Your task ▸ What you return should be only the lines starting at the one that contains "Поводок ошейник для" and running to the end of the listing, exactly as written, minus any pictures.

Material for this exercise ▸
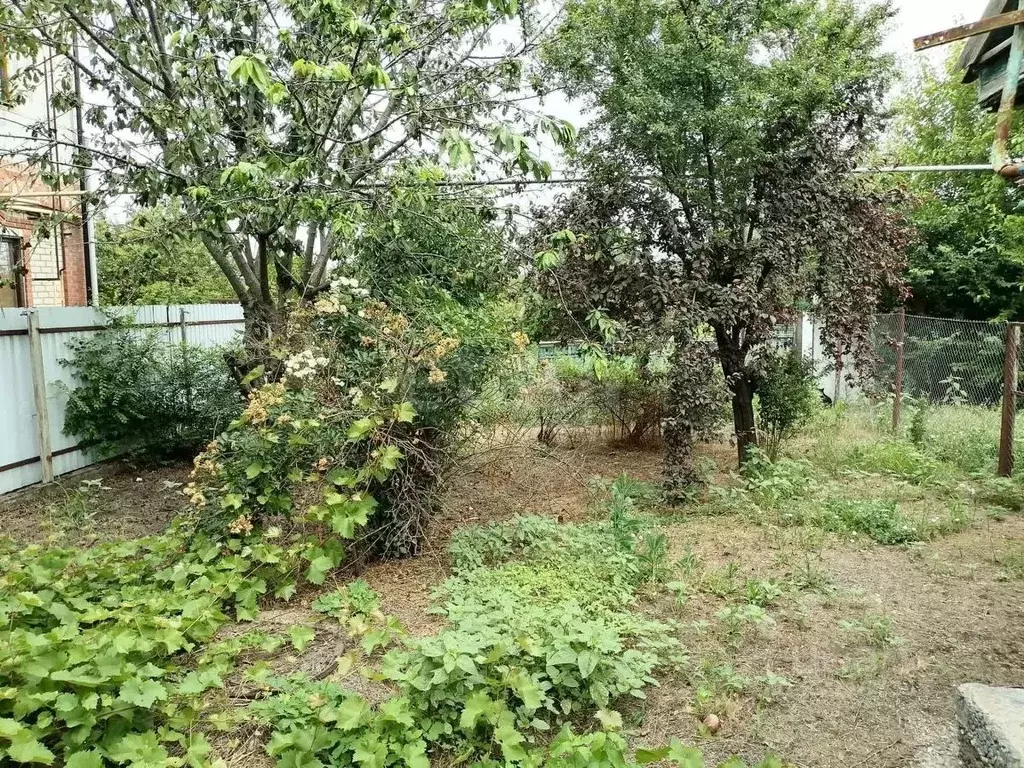 Участок в Краснодарский край, Кущевская ст-ца ул. Дзержинского (12.48 ... - Фото 1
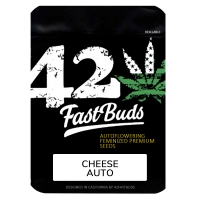 FastBuds - Cheese Auto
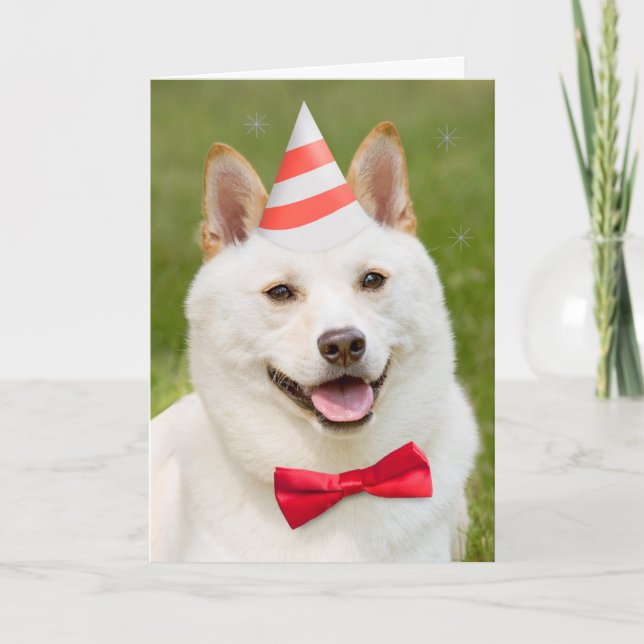 Happy Birthday Anyone Shiba Inu Dog In Party Hat Holiday Card (Front)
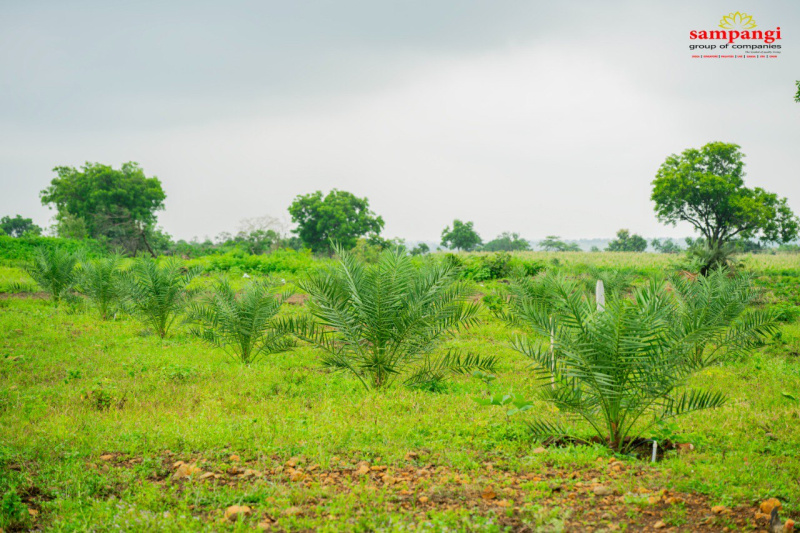  Residential Plot 605 Sq. Yards for Sale in Narayankhed, Sangareddy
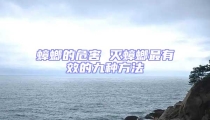 蟑螂的危害 滅蟑螂最有效的九種方法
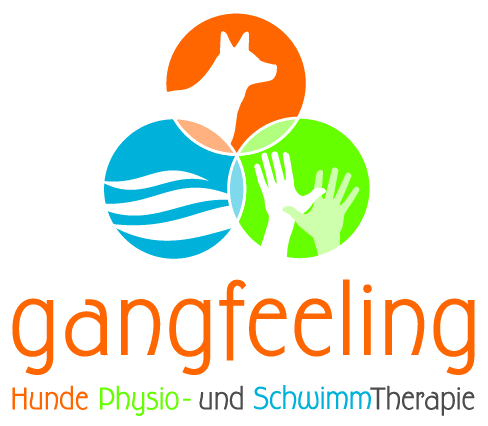 Gangfeeling Logo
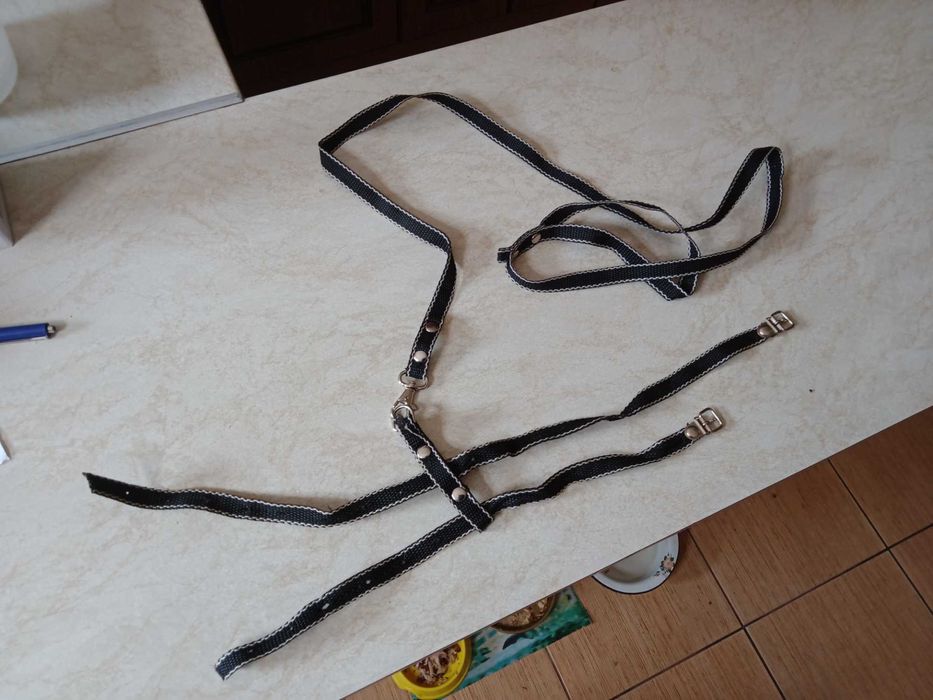 Поводок ошейник для мини собачек или кошек  б/у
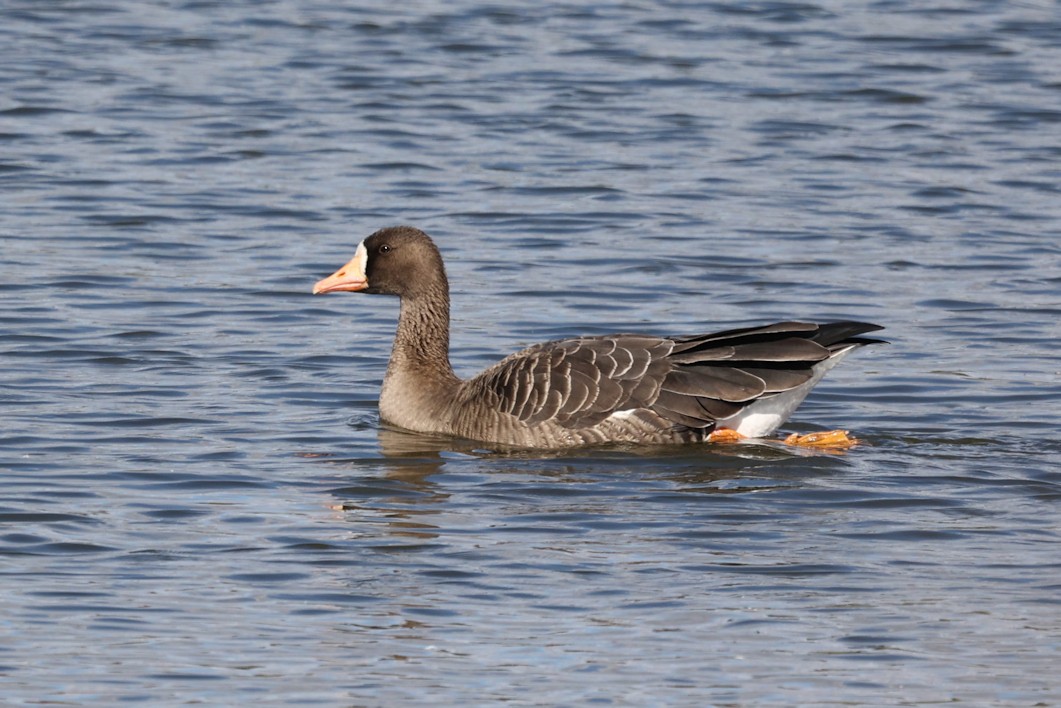 Greater White-fronted Goose - ML492496901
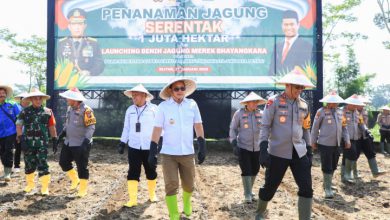 Photo of Pj. Gubernur Adhy Bersama Polda Jatim Tanam Jagung Serentak di Kabupaten Blitar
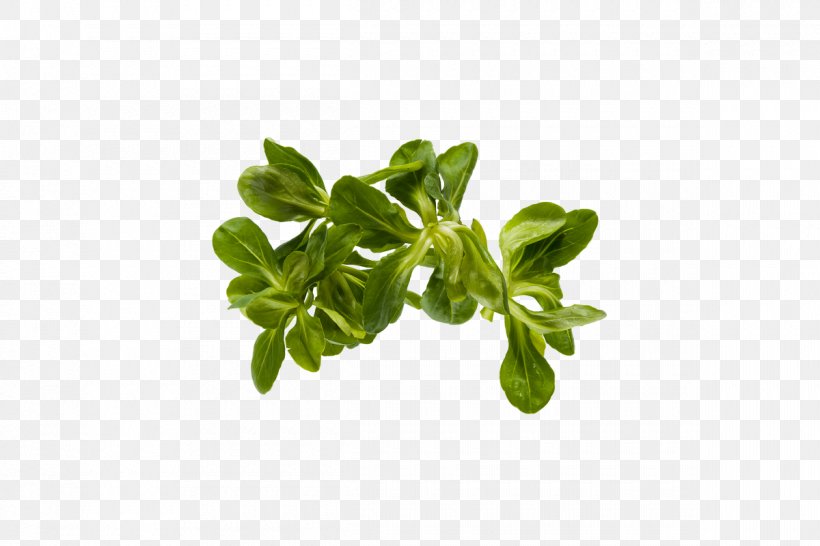 Basil Leaf Vegetable Herb Lettuce, PNG, 1200x800px, Basil, Beefsteak Plant, Beetroot, Chard, Common Beet Download Free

Final answer ▸
 Поводок ошейник для мини собачек или кошек  б/у
 Greater White-fronted Goose - ML492496901
 Photo of Pj. Gubernur Adhy Bersama Polda Jatim Tanam Jagung Serentak di Kabupaten Blitar
 Basil Leaf Vegetable Herb Lettuce, PNG, 1200x800px, Basil, Beefsteak Plant, Beetroot, Chard, Common Beet Download Free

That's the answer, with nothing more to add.